Four Topics for Your Host Client Safety Agreement
Did you check out our Assurance University staffing webinar: “OSHA’s Temporary Worker Initiative and Client Selection.” View the recording!
With OSHA’s Temporary Worker Initiative still moving forward at full speed, it’s becoming even more important for temporary staffing firms to put agreements in place with their clients regarding safety.

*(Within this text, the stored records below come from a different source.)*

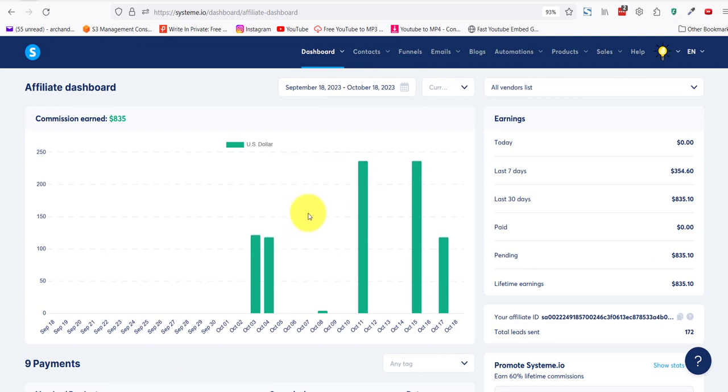Now you know how easy it is to share a funnel with someone else. If you have a product and you want to share your funnel, you can just give your customers a link. And for those of you who bought my PLR, this is how you do it. This is how you get the landing page and the thank you page into your account. I'll see you in the next video. Bye bye.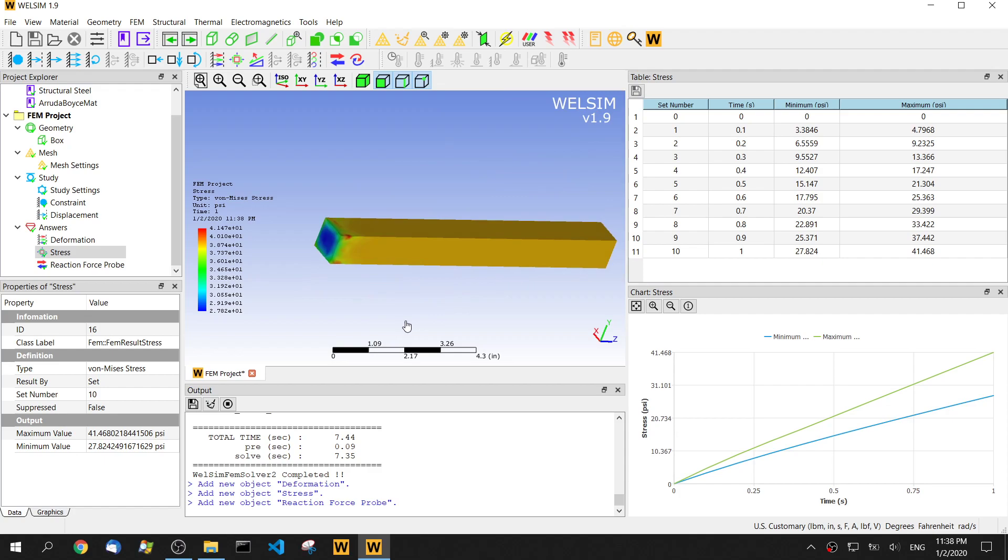In this video, we reviewed how to create an Arruda-Boyce material, assign it to a body, and calculate a nonlinear analysis. If you have any questions or comments, please let us know. Thanks for watching. Bye.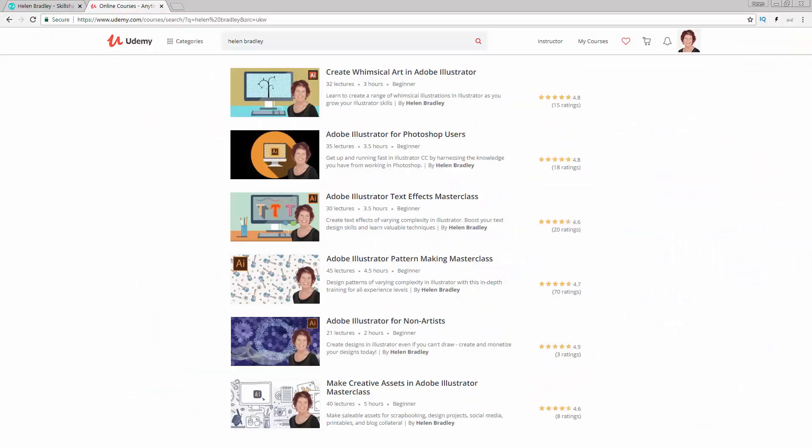I also have Illustrator training at Udemy.com, and there's a referral link for every one of those courses in the description below. Please feel free to share these with family, friends, and coworkers.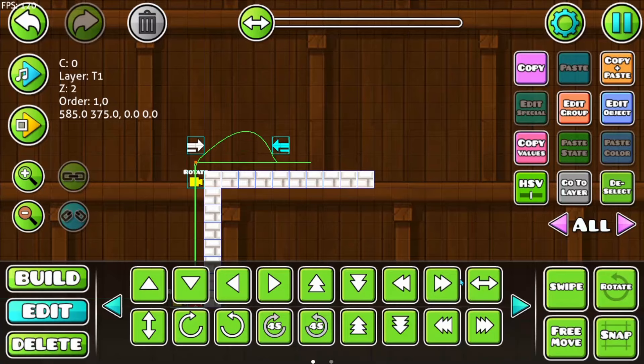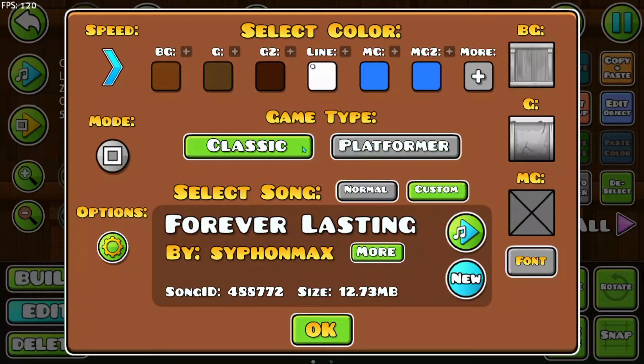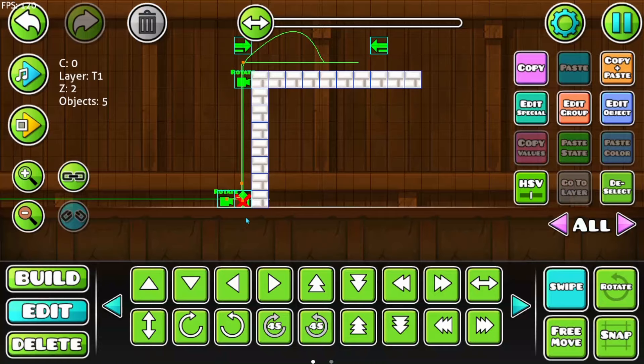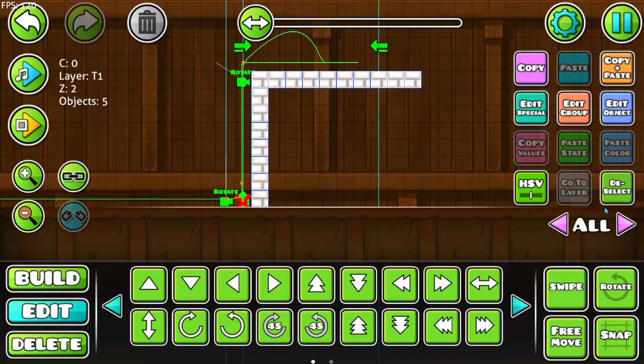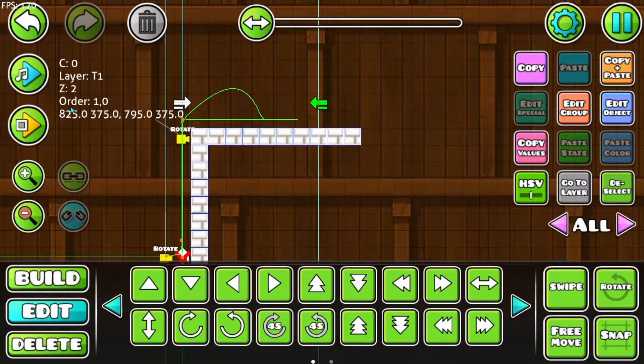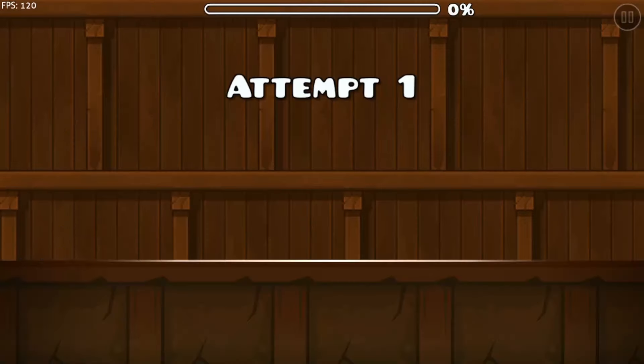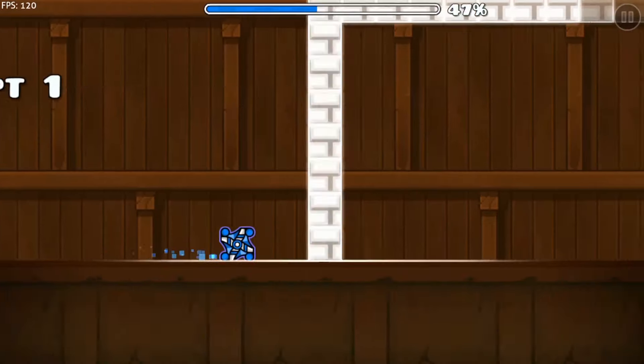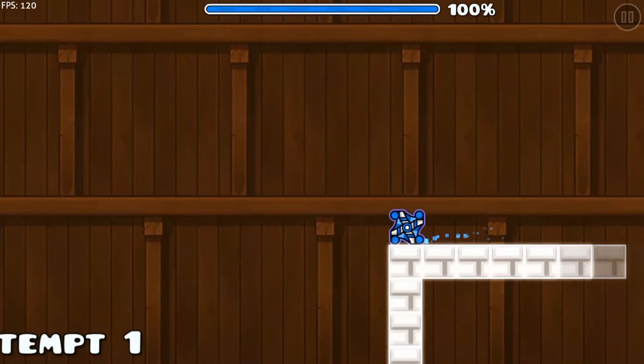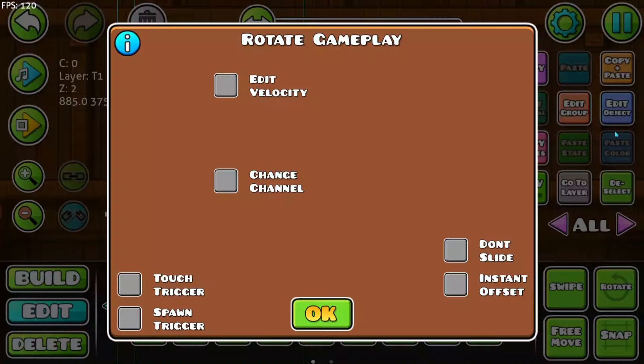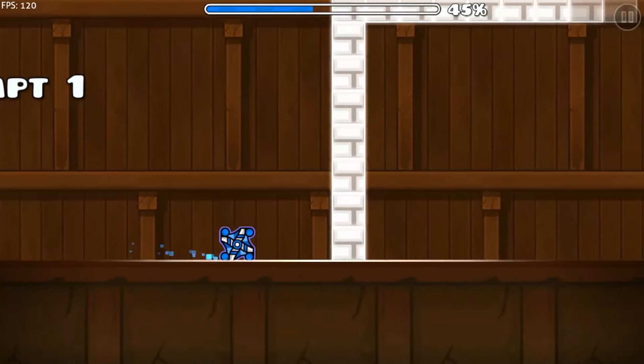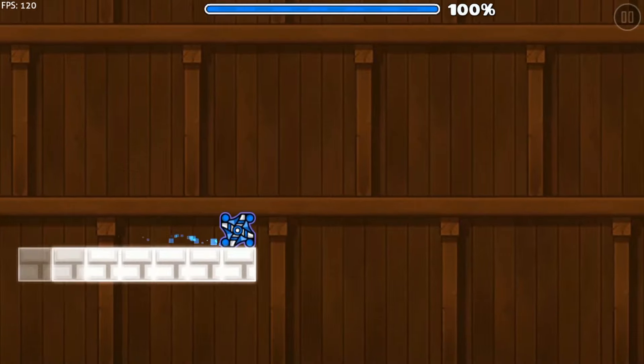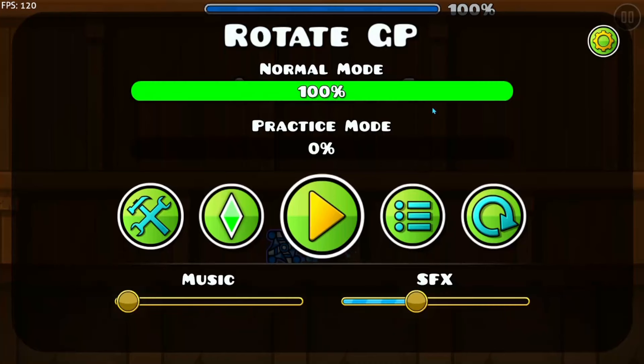Instant offset is if we go back to the classic mode and removing all our touch triggers here now. Here you see the camera goes smoothly there. If you put now instant offset, you remember the arrow or the rotate gameplay trigger was at the last block, then the gameplay or the camera will jump instantly to the new perspective.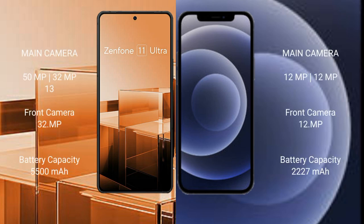Asus Zenfone 11 Ultra has a triple camera setup: 50MP, 32MP, and 13MP rear cameras, and a front camera. iPhone 12 mini has a dual camera setup: 12MP and 12MP rear cameras, and a 12MP front camera.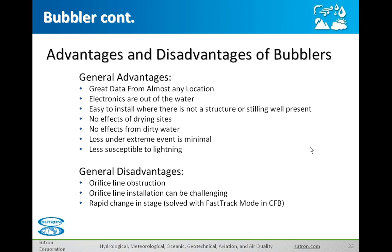Some disadvantages: there are some cases when you can get obstruction on your orifice line. Many sites have seen several feet of sediment over the orifice line, and purging is not going to take care of several feet of sediment. Boulders can also affect your orifice line and data. One problem in the past has been that if stage changes rapidly, sometimes the bubbler struggles to keep up with it — the constant flow bubbler, however, has a feature called fast track mode that Paul will address.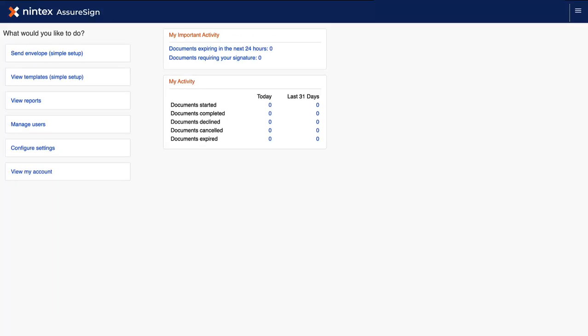There may be scenarios where you will need to cancel an envelope or document that has not yet been completed. In this short video, we will learn how to cancel an envelope or document in Nintex AssureSign. For this example, let's cancel a document.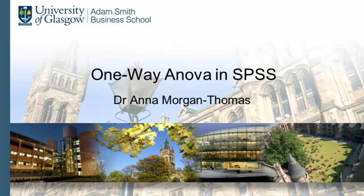In previous tutorials we have looked at association between variables. We tested hypotheses concerning whether there is or is not association. In this tutorial we will look at a different type of hypothesis: the test for differences. These tests confirm whether significant differences exist between different groups of respondents, and one such test that is frequently used is one-way ANOVA.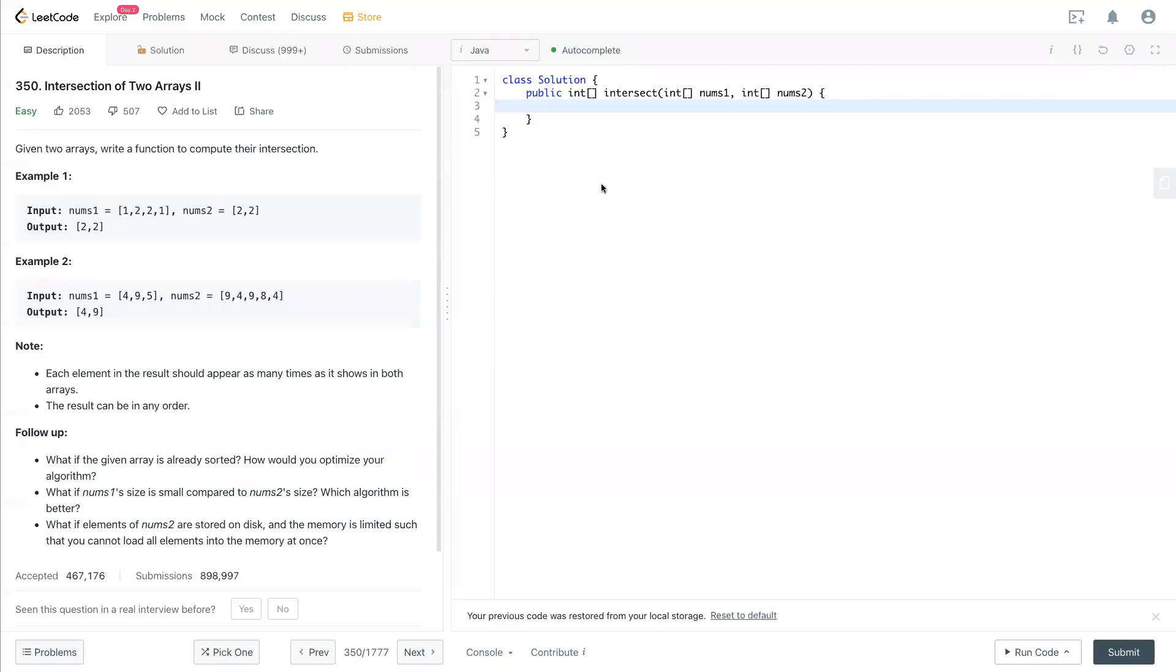Hello, welcome to my channel. Today we have LeetCode 350, intersection of two arrays II. So given two arrays, write a function to compute their intersection. Now we have example one: nums one is [1,2,2,1], nums two is [2,2].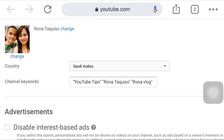Watch hours is very important, especially if you are a new YouTuber and you want to monetize your channel. You need the 4,000 watch hours. So the keywords that we are putting here in the box is very important.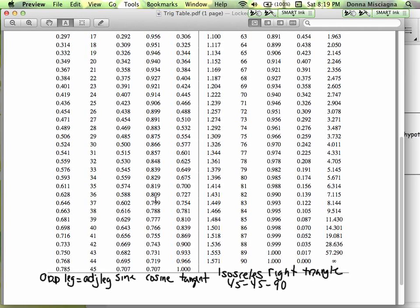All these values are simply the ratios of the sides: opposite over hypotenuse, adjacent over hypotenuse, and opposite over adjacent. We're going to need these values when we're working with trig values of different angles. We can either get these values by using the table or by using a calculator, because the calculator has these values stored in it. I will work with both, so you can use whichever you prefer.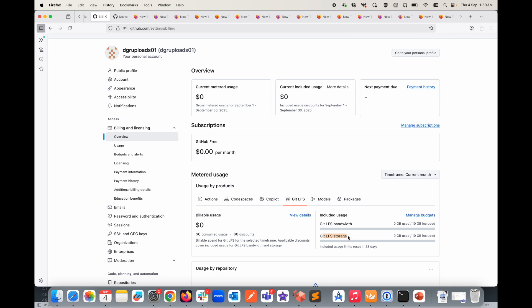To sum it up, git LFS can be really useful when you're dealing with large files and you want to keep them in your git repository. By default, git does not allow you to push a file which is more than 100 MB, but if you still want to push, then you can make use of git LFS. With git LFS, your repository remains clean and fast, and you can collaborate on projects with large assets just as easily as you would with source code.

While contracts that outline billing and payment terms may already exist with your clients, a Host Client Safety Agreement focuses specifically on whose responsible for certain required safety tasks. The goal of this document is to ensure that both the temporary staffing firm and host client are on the same page as far as safety expectations go. The agreement doesn’t need to be long or complicated, but at a minimum, it should cover the following items:
1. Safety Training
The contract or agreement should outline who provided training and when. All new employees should be receiving an initial training or orientation prior to starting a new assignment. The staffing company is typically responsible for general safety training such as PPE, hazard communication and lockout/tagout. This training won’t necessarily cover the specific hazards they’ll encounter on-site, but will provide new employees with the basics. The host employer should be providing training on specific worksite hazards when the temporary employee arrives on-site. Staffing companies should then receive documentation that the training was completed.
2. Job Assignments
Temporary employees should be requested with a certain position or job in mind and ultimately, that’s the position the temporary employee should remain in once arriving at the host client. Unfortunately, it’s not uncommon for temporary employees to be moved into different positions, aside from the one they were requested for, based on production needs. Even more unfortunate, often times when these employees are moved, they’re not provided additional training for these new positions. Having in writing that temporary employees cannot be moved or reassigned without permission from the staffing company helps discourage this practice.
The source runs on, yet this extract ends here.